We were in a gaily painted room, with window-doors letting in lots of light. There was plenty of dust here; perhaps nobody had been in this room for some years. Around the room were a few pieces of wooden furniture and the ever-present Indian pillows, called gaddis. I didn’t sit down: it would have released a cloud of history-telling dust that I wasn’t prepared to take in at the moment.

“This,” said my sister-in-law, “is one of the partitioned-off parts of the house. It’s fun, because one way in is through the back of that almari. What fun we had playing hide-and-seek! Grown-ups came here through the ordinary corridors. But as I was saying, when you have an extended family, there are times when everybody is together. Festivals, weekend dinners, gossip, or watching Hindi movie VCDs. But there were times when the families need to be alone. Say, two sisters-in-law don’t get along and proximity will make an evening of arguing, so each sub-family can retire to their own area.”

“But what about food and things like that?”

“These houses are built with the centuries-old knowledge of how to make Indian extended families work. Each area, such as the one we are in now, can be closed off from the others. Each area has its own kitchen, bathing areas, bedrooms, and so forth. They are used when separation is needed or desired, instead of the ones in more central parts of the house.”

“But, don’t the other people feel insulted? I mean, when one, ah, sub-family leaves for its own area?”

“Of course not! This is the way families of this size can live together. Maybe the only way. It provides a wonderful pressure valve.”

“Pressure valve?” I asked.

“Yes. Say you have a teenager daughter who is just fed up with the way her brother or parents treat her. You know how teenagers are.
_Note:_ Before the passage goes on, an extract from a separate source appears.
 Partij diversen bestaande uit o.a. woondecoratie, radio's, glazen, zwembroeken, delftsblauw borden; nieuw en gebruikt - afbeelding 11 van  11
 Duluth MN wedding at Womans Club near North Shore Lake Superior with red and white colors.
One moment everything is wonderful and they love everyone in the family, and the next moment they are rebellious and hate you.”
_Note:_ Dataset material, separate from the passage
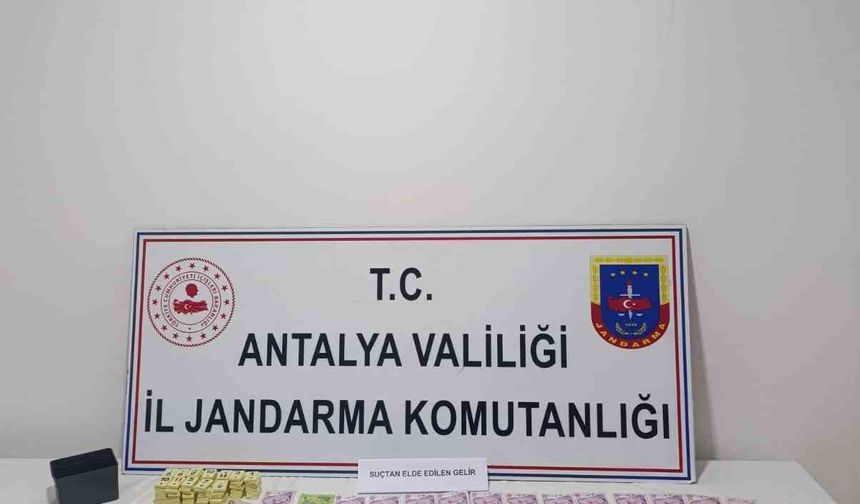 Antalya’da mahalle muhtarı kumar oynatırken yakalandı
She paused and pointed out a few hand-painted designs in the walls, then continued talking. “So, when a teenage girl is having problems of growing up, and her direct family doesn’t put up with her temper or foolishness or whatever, the girl can just walk over to her cousin’s family, talk to her masi, and blow off steam.” The word “masi” denotes a woman in the position of the girl’s aunt, but directly translated means “as a mother.”

“Going to your masi is like going to your alternate mother,” continued my sister-in-law, “and she probably will listen to your ranting and raving until you feel better, then you go back to your part of the house and have dinner.”
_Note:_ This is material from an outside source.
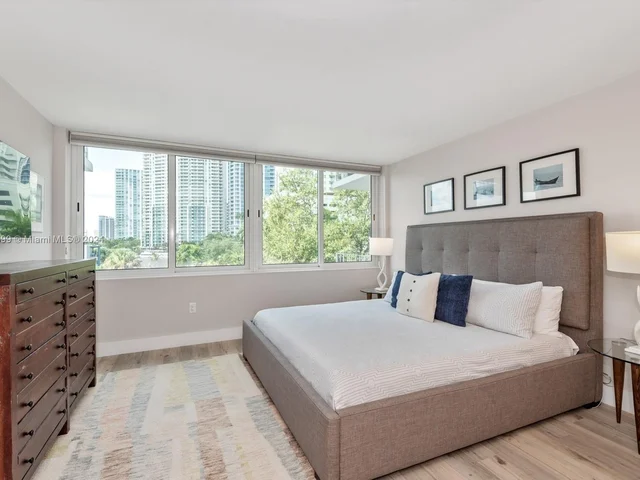 800 SE 4th St # 302, Fort Lauderdale FL 33301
“Ah,” I murmured, “pressure valve.” All members of humanity need one, somewhere, and those that deny it need a masi to go to immediately. In the West, maybe masis are the people we call psychologists.

She looked around the empty rooms, muttering, “It was like yesterday that your wife and I were little girls running screaming through here during summer vacations. But those days are fading.”

I looked a question at her.

“There’s something insidious affecting the Indian extended family. That’s the stuff coming from America, and to a lesser degree Europe.”

“How do you mean?” I was frowning. The system here seemed so obviously good for so many reasons. Why would anyone turn away from it? For example, in America we have a huge problem taking care of older, perhaps infirm relatives. Here it was built into the system to automatically happen—at least in households like this.

“The younger couples don’t want to live with their relatives,” Sarita said. I heard the oil of disapproval helping her words flow out. “They see things on TV that you and I know are ridiculous. But it makes the young people think that living alone, or with some friends, or any place far away from the family is just wonderful. They foolishly think it makes you happy and rich and nothing bad can happen to you.”

Alex Maarten is a 20-year veteran of the high-tech industry. He now writes full time while trying to figure out his adopted Indian family.